*** Provided material ***
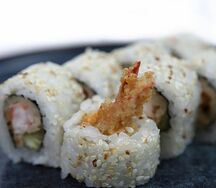 Ролл Хиросима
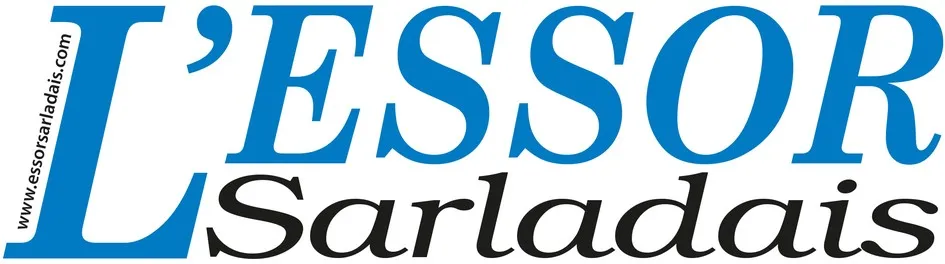 L'ESSOR Sarladais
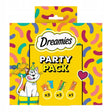 Produkt MARS Przysmaki dla kotów DREAMIES PartyPack 150g 006414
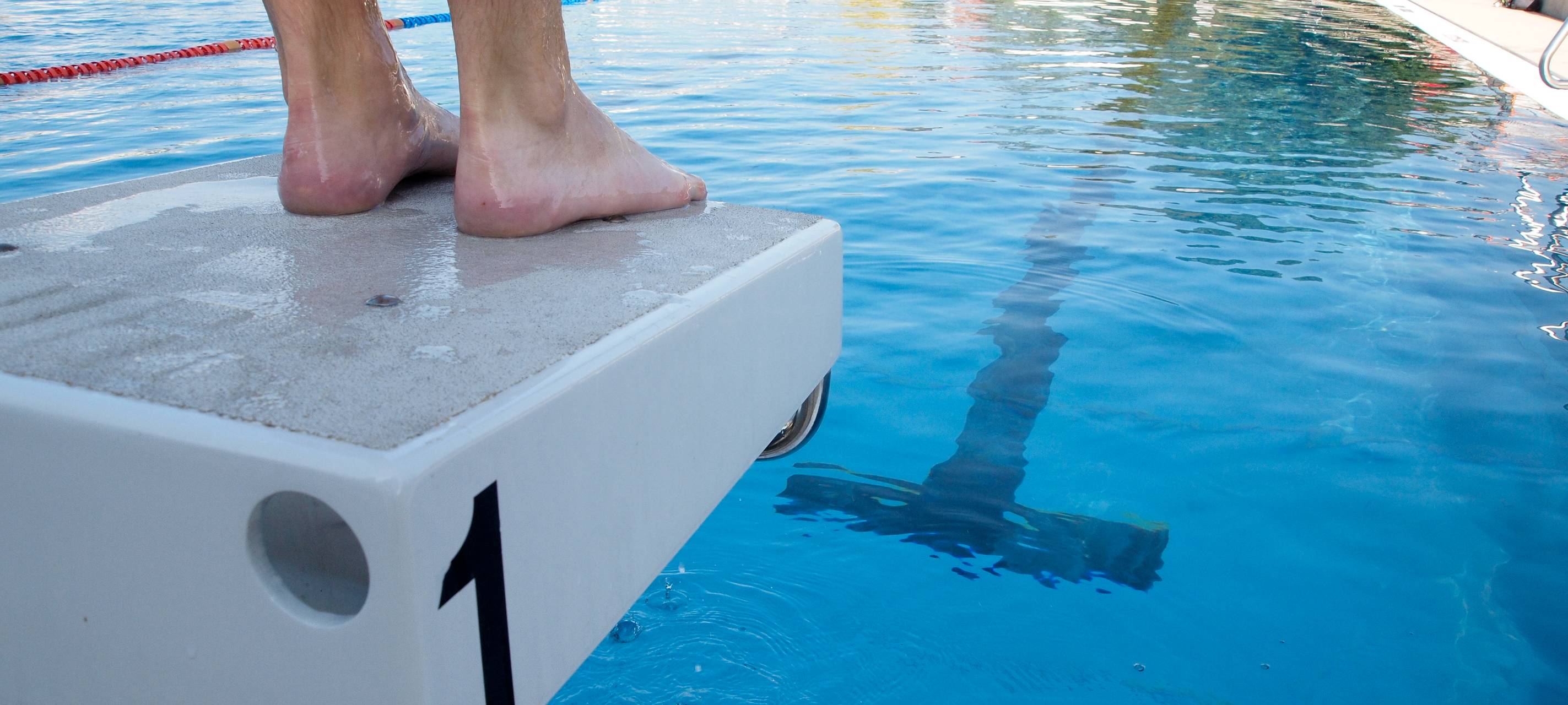 KölnBäder bieten Schwimmkurse an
*** End of Provided material ***
Reproduce the whole of the data, word for word, and omit its pictures.

 Ролл Хиросима
 L'ESSOR Sarladais
 Produkt MARS Przysmaki dla kotów DREAMIES PartyPack 150g 006414
 KölnBäder bieten Schwimmkurse an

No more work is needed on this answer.